Today we found out that Stephen Garcia violated the terms of his reinstatement to the Gamecocks football program. More specifically, he consumed some amount of alcohol (and possibly marajuana) which directly conflicted with the behavior he, himself, had agreed to as a precondition for his return to the team. Stephen Garcia willfully, and perhaps wantonly, exhibited behavior for which he fully understood the consequences. He has no one to blame but himself.
Why, then, has the Garcia saga resonated so powerfully with the college football world? It seems everyone has something to say on the subject -- especially those least familiar with its origins. Is it because in Garcia we see something of ourselves? Perhaps that's the answer for some, but I'd be lying if I didn't concede that my own psyche identifies more closely with the Tommy Beechers of this world.
For me Garcia was captivating for the myth he became. He was quintessentially Gamecock. His boundless potential always seemed to be stalled by some imperceptible impediment. His highs were Everestian, but his lows were Marianastian. He was alternatingly bold and humbled. He was heroic, and he was tragic.
In Garcia I saw someone who could have achieved everything that my mind's eye was convinced he would do. He should have played Perseus to my Zeus, but he fancied himself an Achilles. Ultimately, we had to let him go.
For some people the Stephen Garcia dismissal came too late. You know the type I'm talking about. They like to say how Steve Spurrier has gone soft. How Garcia would have been gone after the first incident if South Carolina had had a competant quarterback waiting in the wings. How, if they had been Head Ball Coach, they wouldn't have put up with Garcia's mischief. To which I say, "Bull. Shit."
The problem with Garcia has always been that he's been bad enough off the field to get in the news but not good enough on the field to get out of it. There's no reason not to take Spurrier at his word when he says that they didn't want to kick Stephen Garcia off the team for stupidity. Has Spurrier ever been anything less than forthcoming with his thoughts? The truth is the athletic department found itself halfway down a slippery slope before it even knew it was on a mountain. Garcia also benefited from the fact that his first transgression was his worst. I suspect Steve Spurrier struggled to dole out proper punishments for incidents that got sequentially less sever -- sort of like accelerating at a decreasing rate.
Anyone who actually would have yanked Garcia's scholarship after incident number one is a callous misanthrope. More than likely they're writing checks that they know their body will never have to cash. It's easy to say you'd kick a kid out of school until you actually have to think about what that means for his future. And please, spare me the conspiracy theories about the timing of the dismissal coinciding with the rise of Connor Shaw. If anything, it's the reverse.

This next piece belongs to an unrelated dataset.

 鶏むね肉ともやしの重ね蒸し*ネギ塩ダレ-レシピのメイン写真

Bizarrely, just as many people seem to come down on the other side of the Garcia fence. "Boys will be boys," they say. "Shouldn't a college student be able to have a beer in America?," they chide. I understand the sentiment, but I have a suspicion that they might feel differently if it were their team's championship dreams that hung by the thread of Garcia's sobriety.

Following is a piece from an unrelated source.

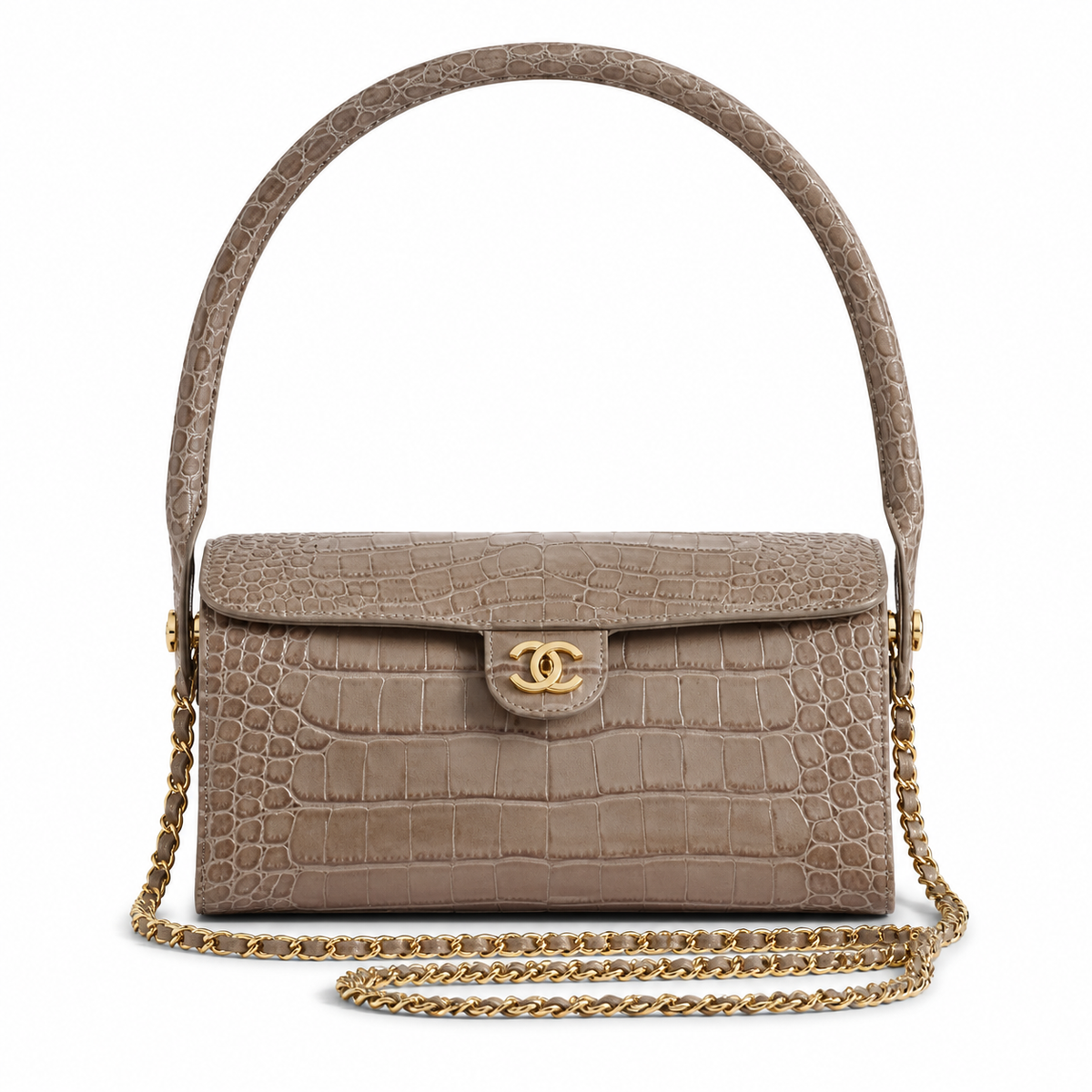 Chanel Taupe Croc-Embossed Leather Barrel Flap Crossbody Bag | Gold Chain | 11×23×12.5cm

I had hoped that Stephen Garcia would return to the team for a final season and then ride off into the sunset a champion. I was wrong, though. You can't hope away the trajectory of a tragedy any more than you can change the physics of a car accident.
After five years of talking about Stephen Garcia there's really only one thing left to say: the Garcia era is over. Love him or hate him, I think we're all ready to move on.